そこからゴミの問題や資源のリサイクルについての知識を得ては「環境問題」に対して目を向けて、ボランティア活動にも参加していきました。いくつかのボランティア活動に参加していくうちに、老若男女関係なく様々な世代の人たちと楽しみつつも、誰かのためになる「社会貢献活動」が好きになっていきました。その興味は大学までも継続されて、ゼミやサークルでも環境について学べるところに入ったり、ボランティア活動にも積極的に参加していましたね。
子どもの頃からずっと「環境問題」や「社会貢献」に関心があって、大学卒業後はNPOへの就職を考えていたんですが、まずは一般企業で社会経験とスキルを身に着けてからNPOで働こうと思い、一般企業へ就職しました。それでも、社会貢献に向けた活動をする機会は窺っていて、会社でJICA海外協力隊としてインドネシアに行く企画の話があり参加希望をだしました。
インドネシアへは2年間、環境教育という分野で現地の環境局に配属されて、小学校から高校までの子どもたちに環境についての授業をして、インドネシアで少しでも自分みたいに環境に対して意識してくれる子がいてくれるといいなと思って環境問題に対しての啓発活動をしていましたね。
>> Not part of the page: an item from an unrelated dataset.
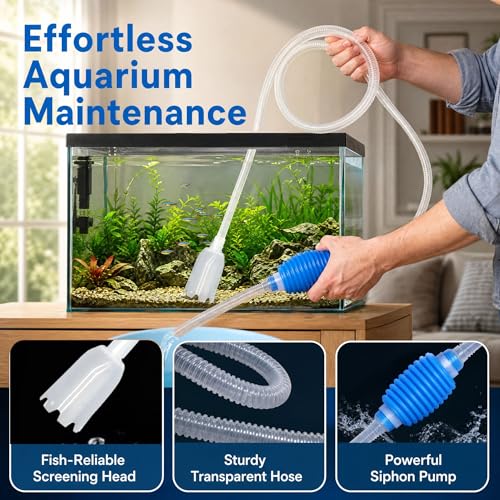 1 Easy-to-use Aquarium Siphon for Quick Water Changes and Gravel Cleaning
協力隊の任期を終え復職してからは、人事の仕事をしたり、お金について学びファイナンシャルプランナーの資格をとったりしていましたね。それから、自分にとって丁度良い節目だったこともあり、やっと自分がやりたかったNPOの求人を探していたとき
「働いている職員のことを大事にします」
っていうキャッチコピーがふと目に入ったんです。それがソーシャルスクエアでした。
学生のときからそれまで、自分はずっと何かに手を付けていないと落ち着かないというか、ずっと走り続けていた感じだったんです。だからこそ、ただ、サービスを提供する人のためだけにとかじゃなくて、働いている職員も大事にする、「自分を大事にする」という視点は大事だよなとハッとさせられて。今まで福祉の分野に興味を抱いたことはなかったんですけど、そういう風に考えてくれる法人で働けたらと思って応募しました。
人の喜びが自分の活力
ソーシャルスクエアで働き始めて2年経過していることに結構驚いていて、あんまり実感がないですね。水前寺クルーのなかでもいつの間にか古株の立場になっているので、新しく入ったクルーにとっても働きやすい現場になるよう、フォローに入りつつ一緒に成長できればいいなと思っています。
また、ソーシャルスクエア水前寺店では、今後就労定着支援(障がいのある方が就労先の労働環境や業務内容に順応し、長く働き続けられるように支援を受けるサービス)も開始されます。就職後に生じた悩みやトラブルに対して、私たちがご利用メンバーさんと企業を仲立ちをすることで、相談や助言など更に手厚い支援が可能になるため、今よりもっとご利用メンバーさんの幸せの追求部分は深まると思っています。就労定着支援については私自身これから勉強していくべきところですね。
今までのCREW's VOICEを見た限り、皆さん今後の展望や挑戦など素敵なお話をされているんですけど、私個人が「今後こうしていきたい!」っていう高い野望はとくに持っていなくて…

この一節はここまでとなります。